# [The data]
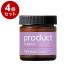 単品4セット product ザ・プロダクト ヘアワックス 42g ラベンダー ヘアバーム サロン 美容室 オーガニック ワックス スタイリング剤 ヘアオイル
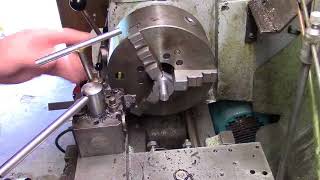 Left Hand Thread Cutting On The Lathe Part 3 [upl. by Warring]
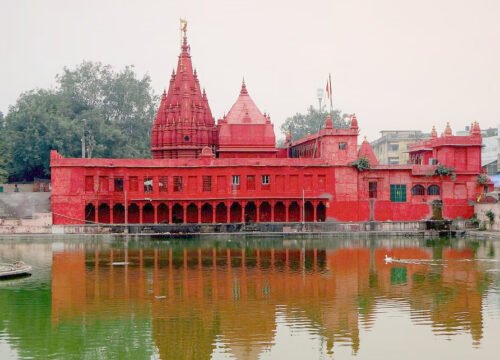 Durgakund Temple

# [What you have to do]
Pictures are to be left out; repeat all the remaining data exactly.

# [Solution to the problem]
 単品4セット product ザ・プロダクト ヘアワックス 42g ラベンダー ヘアバーム サロン 美容室 オーガニック ワックス スタイリング剤 ヘアオイル
 Left Hand Thread Cutting On The Lathe Part 3 [upl. by Warring]
 Durgakund Temple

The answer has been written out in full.